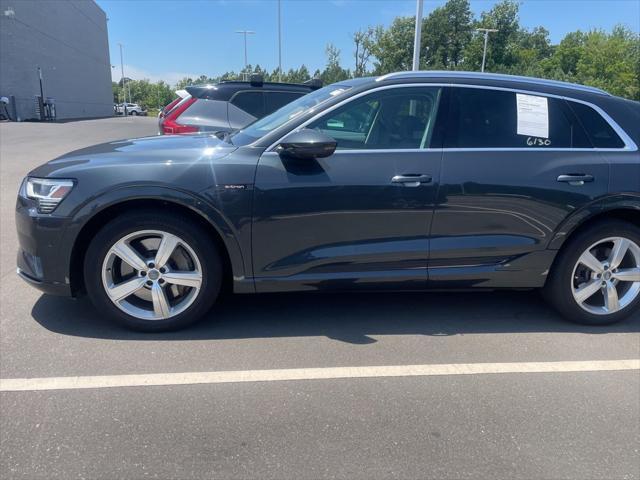 used 2019 Audi e-tron car, priced at $16,851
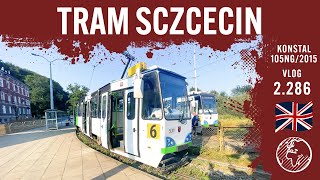 The Tram of Szczecin | TripReport | Vlog 2.286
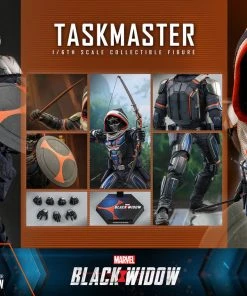 Hot Toys - 1/6 Scale Figure - Taskmaster (Black Widow)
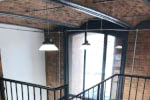 Electric installation for a new bar on the Liverpool Albert Dock - lighting, emergency lighting and sound!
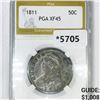 Image 1 : 1811 Capped Bust Half Dollar PGA-XF45
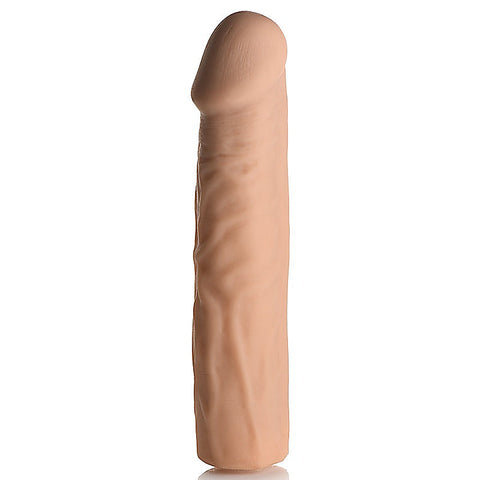 JOCK Extra Long 3 Inch Penis Extension Sleeve by Curve Toys - Penis Sleeves and Extenders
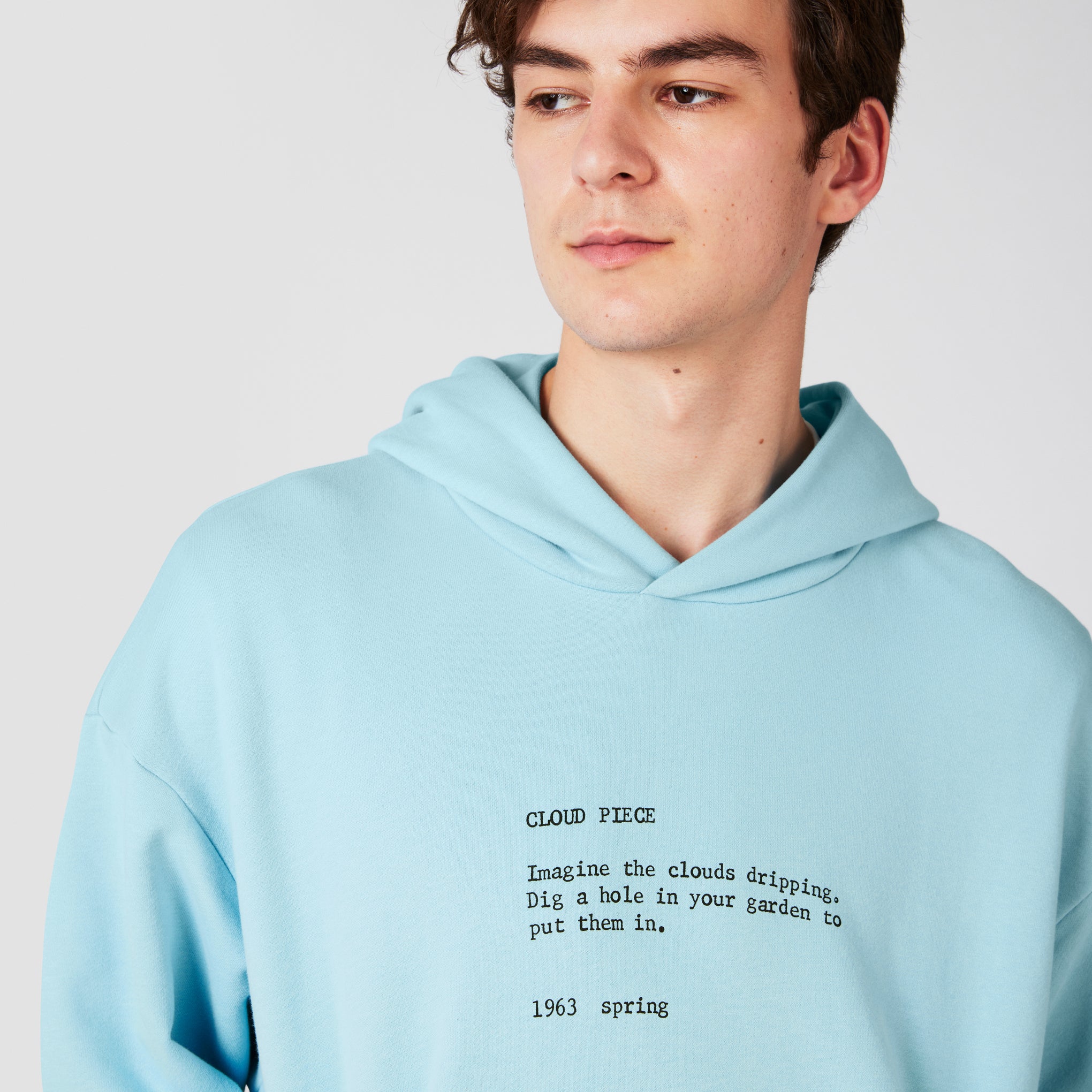 PANGAIA Yoko Ono Cloud Piece Hoodie - Image 3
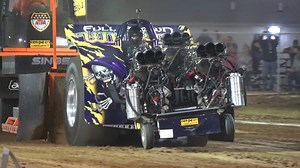 The 6,300 lb. & 7,800 lb. Super Modified Tractor classes from the 2023 Brown County Fair in Georgetown, OH! | BB Pulling Videos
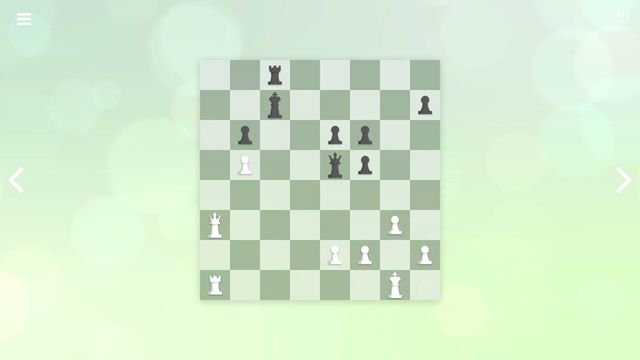 Zen Chess: Mate in Two 1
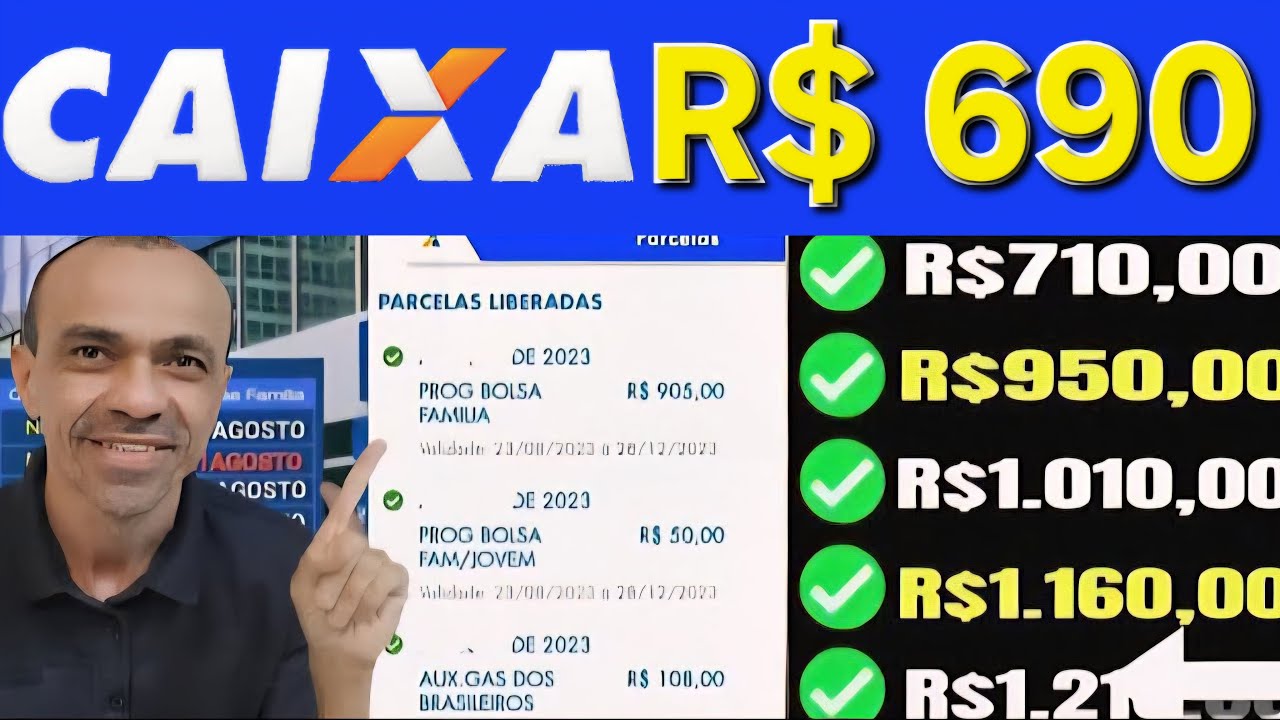 CAIXA AUTORIZOU E ESTÁ NA CONTA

::::

**Work to complete**: With pictures left out, repeat exactly the lines from the line bearing "JOCK Extra Long" through the final line of the records above.

**The completed task**:
 JOCK Extra Long 3 Inch Penis Extension Sleeve by Curve Toys - Penis Sleeves and Extenders
 PANGAIA Yoko Ono Cloud Piece Hoodie - Image 3
 The 6,300 lb. & 7,800 lb. Super Modified Tractor classes from the 2023 Brown County Fair in Georgetown, OH! | BB Pulling Videos
 Zen Chess: Mate in Two 1
 CAIXA AUTORIZOU E ESTÁ NA CONTA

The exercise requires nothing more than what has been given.